But Bredemeier said there’s good reason for the jury’s recommendation. “This was a sustained, brutal attack over a period of 20 minutes,” he said. “This defendant strangled Mr. Bajgain to the point of breaking bones in his neck, after smashing his face into a counter. And then he grabbed the heaviest thing he could find and swung it at the victim’s head. He’s so dangerous, he doesn’t belong in society.”
“This event left Mr. Bajgain’s wife a widow and his child without a father, ruined a family and brought heartache to many people,” continued Bredemeier. “And to the defendant, it’s a joke – a badge of honor and a way to improve his street cred. In a call from jail, he boasts, ‘I was on six news channels.’ It’s disgusting. It’s not a question of if, but when, he’ll hurt somebody else – and he was in a loving home, the night of this murder.”
Furthermore, said the prosecutor, “He senselessly, violently, took a life, but he gets to go on living his. He’s repeatedly shown, no matter what punishment he gets, he won’t change his ways – and he’s only gotten more and more violent. He didn’t learn from his past mistakes or reach out for help, and Mr. Bajgain’s life is the price. He doesn’t care about others or rules, and he doesn’t care who he hurts.”
Then, Abdullahi stood and said he’s not what he seems to be. “I want the family to know I have friends who’ve been murdered, so I can’t say sorry and know everything will be OK,” he said. “But I apologize for the permanence of death I caused in their lives.”
In sentencing him, Kassabian said he considered, among other things, Abdullahi’s age and the violence he was subjected to growing up. But, he stressed, “These factors pale in significance to the facts of this case – the gratuitous brutality, prolonged in duration, stopped and resumed, and your cowardice because you knew he’d done nothing to provoke or resist this attack. And you escalated it.

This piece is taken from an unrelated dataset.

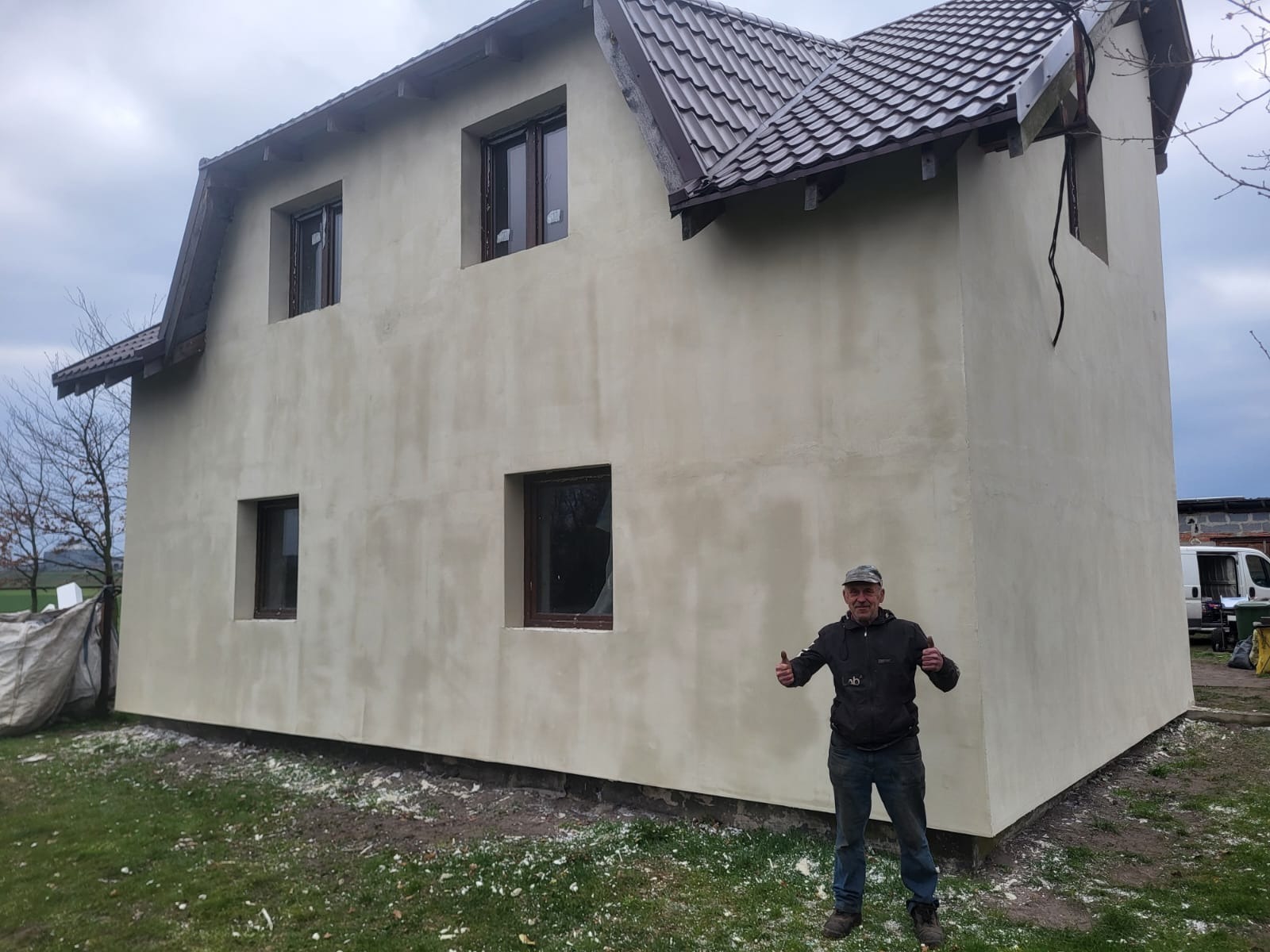 Zdjęcia po termomodernizacji razem z zadowolonym klientem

“I’m also struck by your complete lack of remorse, then and afterward in jail,” continued Kassabian. “And I find your statement of contrition today tardy and empty of empathy for the crime you committed and the loss you caused.” He then imposed the jury’s sentencing recommendation, plus three years’ post-release supervision.
Afterward, the victim’s cousin, Thakur Dhakal, said he was pleased with the sentence. He also said Bajgain’s wife and daughter are “healing, but it takes time.”